Emmaus Chess club was officially created during the 2021-22 school year. Since then, it has blossomed into a welcoming and intellectual community filled with students from all over the school. Each student has their own unique strategies, openings, and moves. 

“I am someone who likes to sacrifice pieces a lot to try to get an advantage,” Ritter said. 

After joining Emmaus Chess club, Ritter has worked towards improving his skills and becoming a more fierce competitor. On Nov. 15,the club attended their first competition of the year at Liberty High School. Ritter walked into the match expecting a challenging and competitive competition, but walked out feeling like he was in the driver seat the whole competition. 

“I played an average game. I didn’t play extraordinarily well, but I didn’t have a bad game either,” Ritter said. 

Overwhelming stress can ensue while competing in chess with the feeling of your heart pounding, the ticking of the clock, the pieces motionless and yet rapidly moving at the same time; a player is faced with the decision to crack under the pressure of it or channel it and use it to win. Ritter decided to channel this while playing at the competition, skillfully sacrificing pieces, offering sacrifices with well-hidden traps, all while taking advantage of the opponent’s mistakes, and capturing piece after piece. 

Chess has taught Ritter several life lessons that many would not expect. 

“… it teaches you to think about things strategically and you learn not always to go with your first gut instinct,” Ritter said. 

The game of chess is a very strategic and mind provoking game, where it could cost your queen if you move a piece too quickly. This strategy has taken shape in Ritter’s personal life, teaching him that sometimes you need to sit back and think before you make your decision.

 “In chess, you have to sit back, relax, and maybe just take a moment to process things and not be so rambunctious,” Ritter said. 

While Ritter follows this motto on life, he also isn’t scared to take a risk, saying that there will rarely be a time where you look back and regret your decision. 

As Ritter looks to his future, he sees himself sitting in a lecture at Penn State listening to a professor as they ramble on about actuarial sciences. Although actuarial sciences are what intrigues him the most – in the end he sees himself landing somewhere in the business field. 

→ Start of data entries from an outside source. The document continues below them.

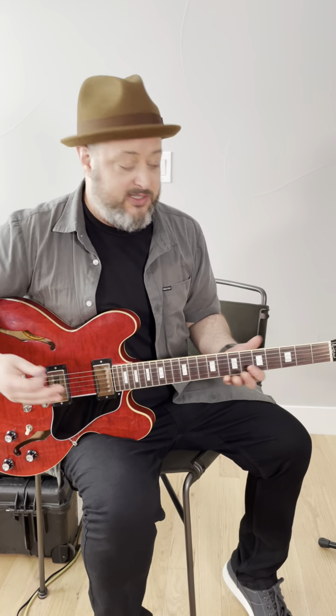Nirvana's Heart-Shaped Box — the main riff is just based on three power chords. It's tuned down a half step, then drop D, so this is a D flat — drop D, D flat tuning.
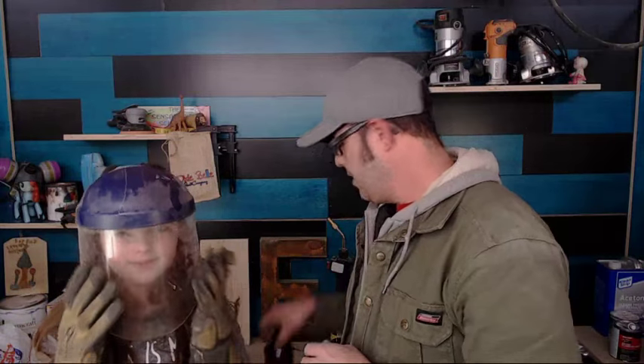This is definitely overkill, but it makes Izzy look so cool. Wave everybody, Izzy! Look at that — welding Izzy. She's ready to rock it out. Don't weld in these because they will not protect your eyeballs.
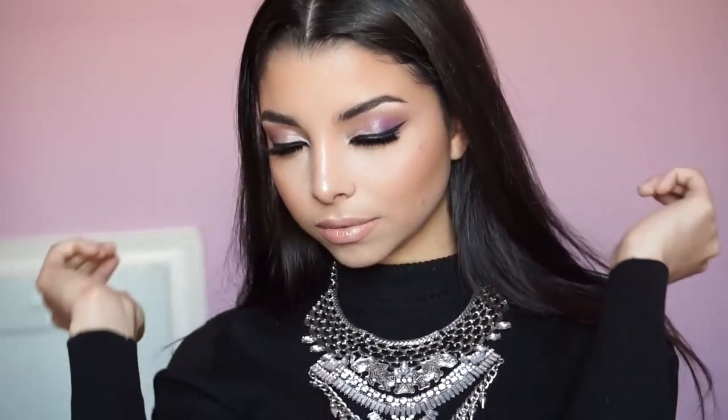Hi guys, welcome back to my channel! In today's video I'm going to show you this inspired holiday look. I know there are many looks out there and there's always that bold lip for the holidays, but I decided to go more for a smoky eye and a nude lip. I will have some bold lip looks coming up too, but without further ado, let's begin.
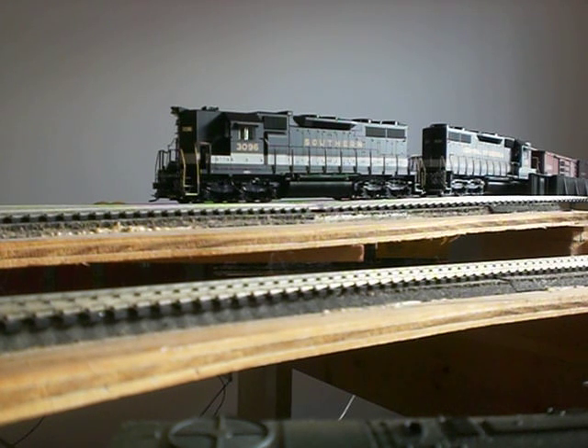I have it coupled to my other SD35, which has Central Georgia lettering and a standard Digitrax DH123PS decoder in it. They run together really well. I'm gonna show you climbing a hill and then I'll probably put the dynamic brake on.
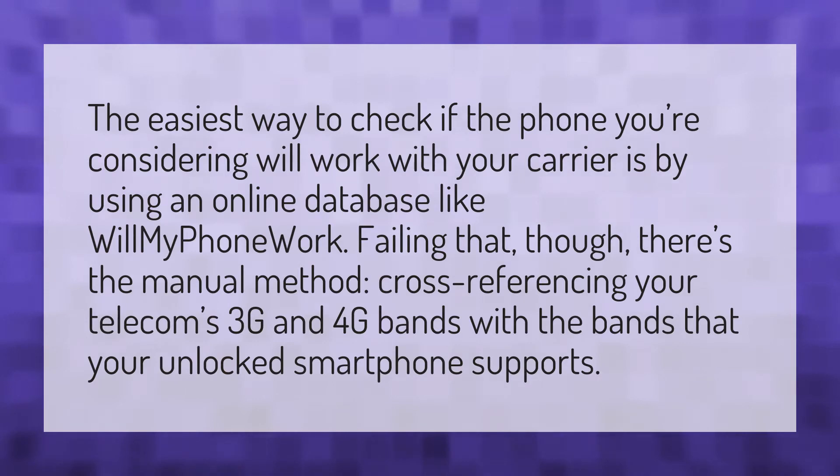A tool like 'Will My Phone Work' can help. Failing that, there's the manual method: cross-referencing your telecom's 3G and 4G bands with the bands that your unlocked smartphone supports.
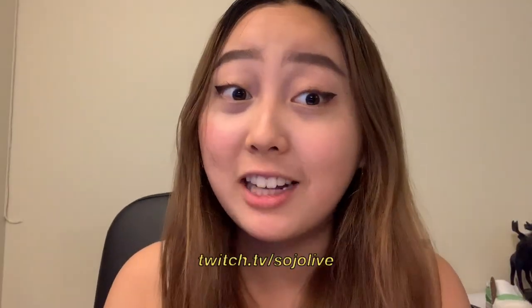Thank you guys so much for watching! That was pretty cool — I like the shoes at least, and it was very fun to make, very quick, and did not cost all that much, so I highly recommend it. Make sure to subscribe if you haven't, follow me at Sojo Videos, and follow me on Twitch at twitch.tv/sojolive. Maybe I'll catch you on there sometime soon — alright, see you in the next video, bye!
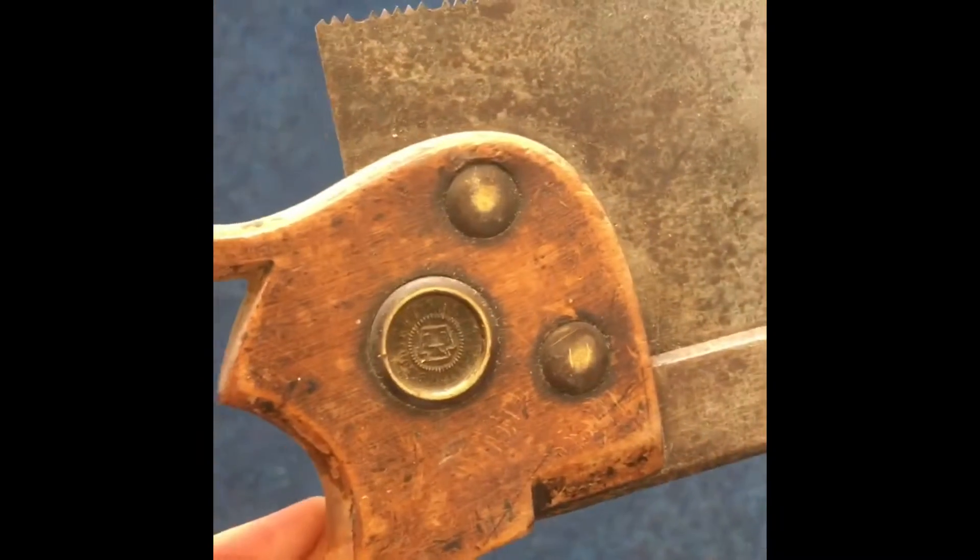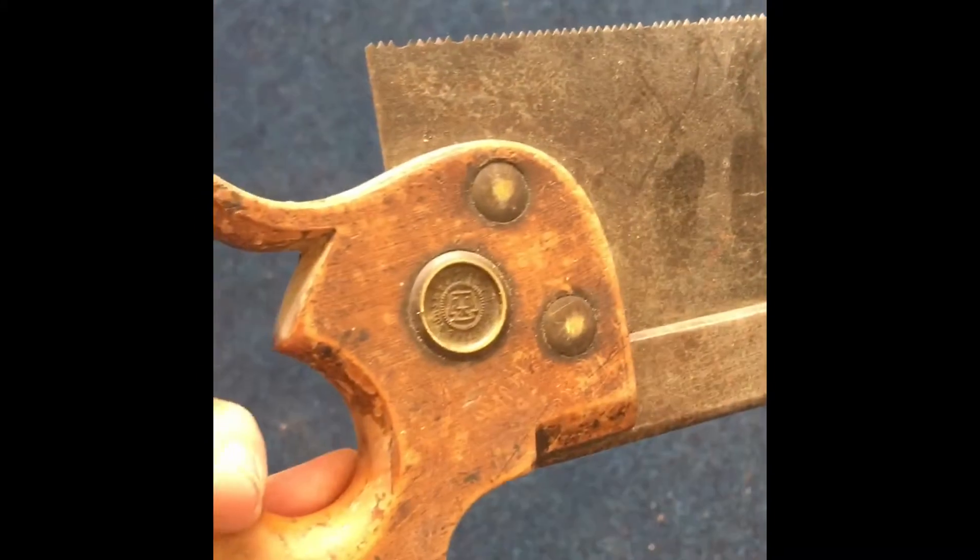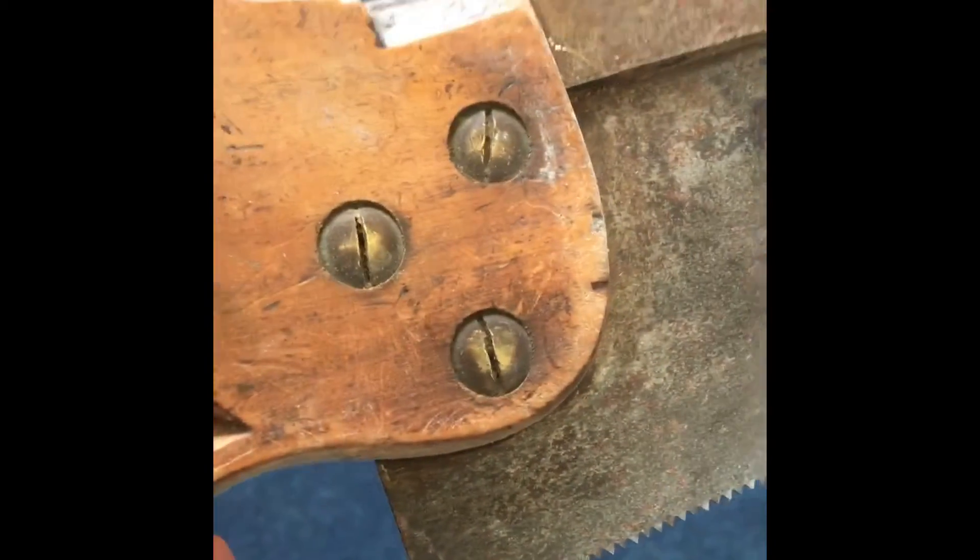We do get hand saws and tenon saws which need sharpening. Let's show you the process. This is the creme de la creme of antique and very good tenon saws. This one here — you can see it's old, it's good, but look: we've got problems. Broken teeth, brittleness, bluntness. This needs remedying, and fast. It's a good job you brought it here.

“I’ve always wanted to do something in business but I wasn’t really sure I’d tossed around different ideas, and actuarial science seemed like something more my style,” Ritter says. 

Chess is not the only hobby of Ritters: he also plays drums for the Emmaus High School Band. Emmaus drumline has made a tradition of playing in front of the student sections at every football game, coming up with new things to grab the crowd’s attention. One Oct. 28, Ritter decided that the attention grabber would be him hanging upside down while playing the drums. 

The inspiration for this came from when he was a freshman in high school and saw junior Carter Lowell, hanging upside down while playing the drums. Two weeks before that Friday hit, Ritter started practicing with a group of band members trying to get everything right. When that moment finally came Ritter was able to successfully play while upside down. 

“It’s an exhilarating feeling to be totally upside down,” Ritter says.